Nach dem Krieg lebte er als Werbetexter und Romancier in Boston, bevor er 1961 mit Pentomino-Steinen sein erstes Spiel veröffentlichte. Randolph siedelte dann nach Wien um, spielte dort im Café Hawelka TWIXT mit Herbert Feuerstein, das bald als 3M-Spiel in einer edlen Buchschuberausgabe erschien und ihm einen mehrjährigen Aufenthalt in Japan finanzierte. Mitte der 70er Jahre fand der Spieleautor nach Venedig zurück, wo er 2004 starb.
Anfangs entwickelte er, inspiriert durch die Japanreise, hauptsächlich taktische Spiele für zwei, wie EVADE, BUFFALO und GEISTER. In den 80er Jahren erfand er erfolgreich viele Familienspiele wie SAGALAND, „Spiel des Jahres“ 1981, das er zusammen mit seinem engen Freund Michael Matschoss entwickelte, der sich inzwischen um sein spielerisches Erbe kümmert. Es blieb zwar sein einziges „Spiel des Jahres“, für GUTE FREUNDE (1989) gewann er den ersten Sonderpreis „Kinderspiel“, was er mit LEINEN LOS! 1997 noch einmal wiederholte. INKOGNITO (1988) und VENICE CONNECTION (1996) bescherten ihm den Sonderpreis „Schönes Spiel“.

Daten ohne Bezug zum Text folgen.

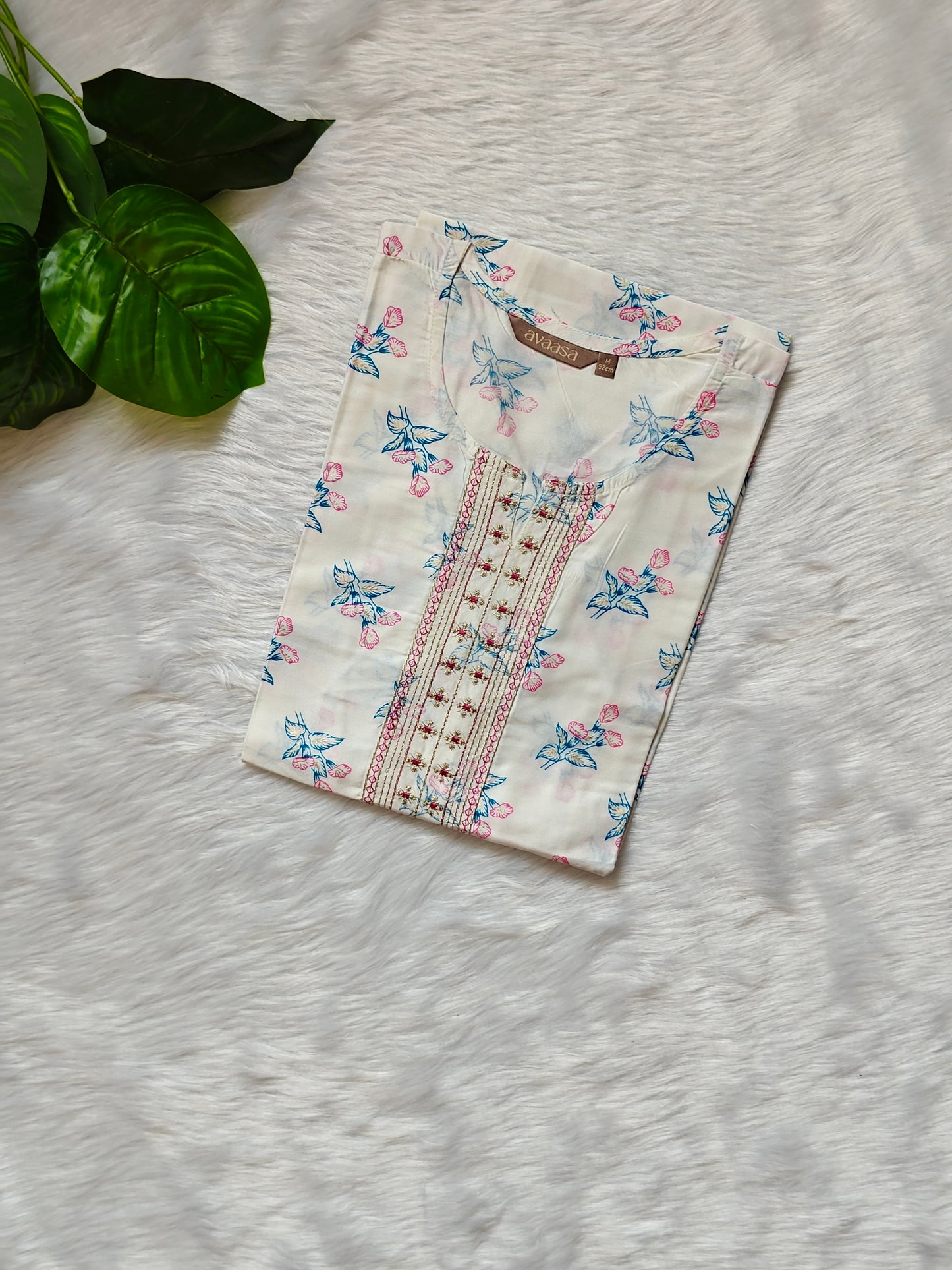 SNOW WHITE KURTI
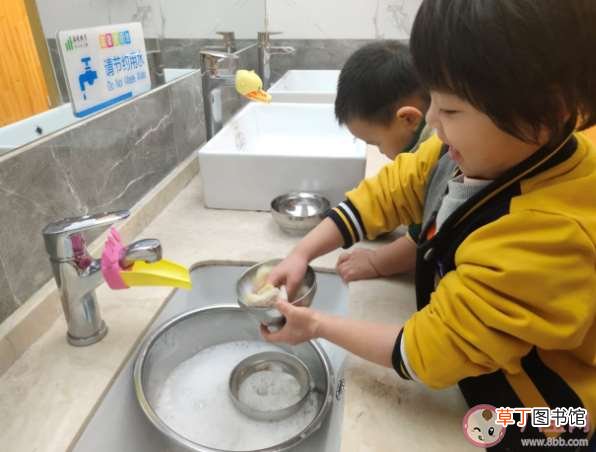 小朋友做家务的好处 为什么家长执着于让孩子洗碗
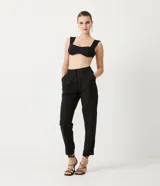 Blusa musculosa cropped de punto negro con escote corazón y textura acanalada.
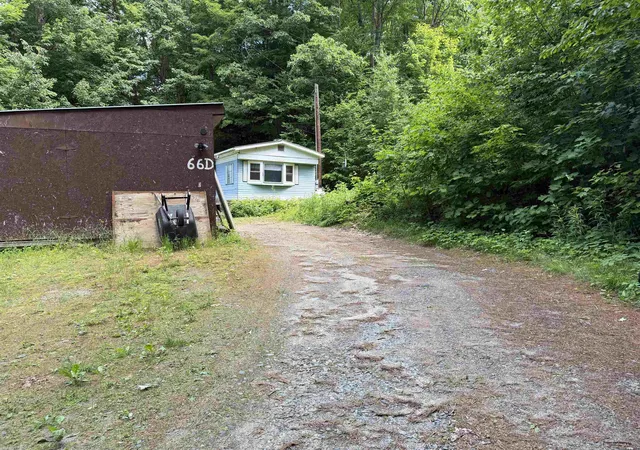 Homes for sale in Haverhill, NH | 66D Oak Ridge Park, Haverhill, NH 03774 | MLS# 5095127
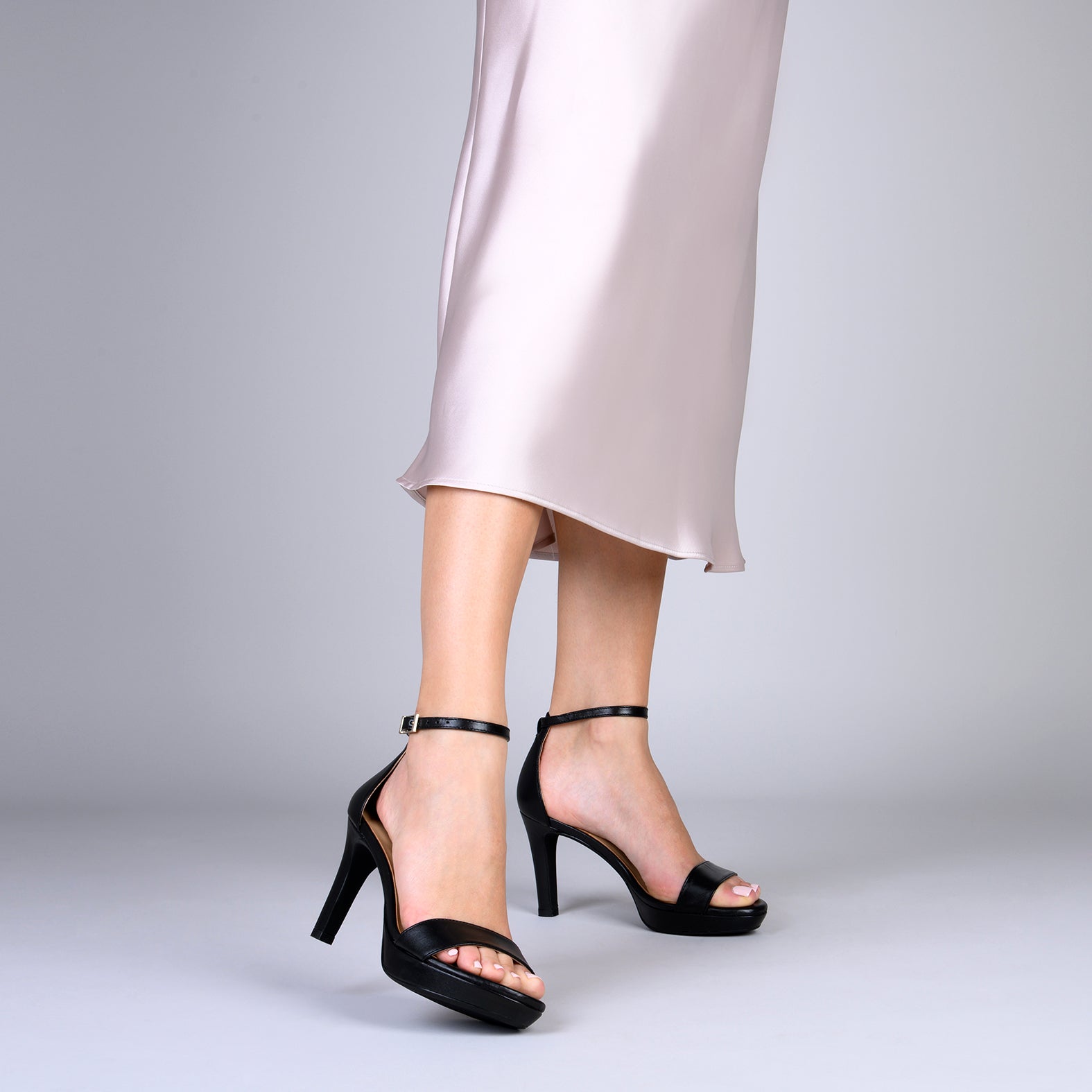 PARTY – BLACK  high-heeled platform sandals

WÜRMELN erschien nach der Blatz-Ausgabe noch mehrmals in Deutschland. 1996 kam eine Fassung mit kleinen Kamelen und Karawanen-Schlangen als KAMELTREIBER bei MB heraus. Mit schönen Holzteilen setzte Abacus Randolphs Idee 2008 als WORM UP! noch einmal um.
In den 90er Jahren arbeitete Randolph eng mit Johann Rüttinger zusammen. Posthum veröffentlichten Rüttinger und Kathi Kappler 2012 das lesenswerte Buch Randolphs „Die Sonnenseite. Fragmente aus dem Leben eines Spieleerfinders“.
In seinem 68. Lebensjahr wird der Philosoph unter den Spieleautoren mit dem Göttinger SPATZ ausgezeichnet, außerdem erhält er 1992 einen Sonderpreis für sein Lebenswerk beim Deutschen Spielepreis. Randolph gilt neben Sid Sackson als einer der ersten Spieleautoren, der seine Leidenschaft zum Beruf gemacht hat. Er hat schon in den 70er Jahren dafür gesorgt, dass Autorennamen auf den Schachteln auftauchten. Das Bild zeigt Randolph während der Preisverleihung mit dem Göttinger SPATZ 1990.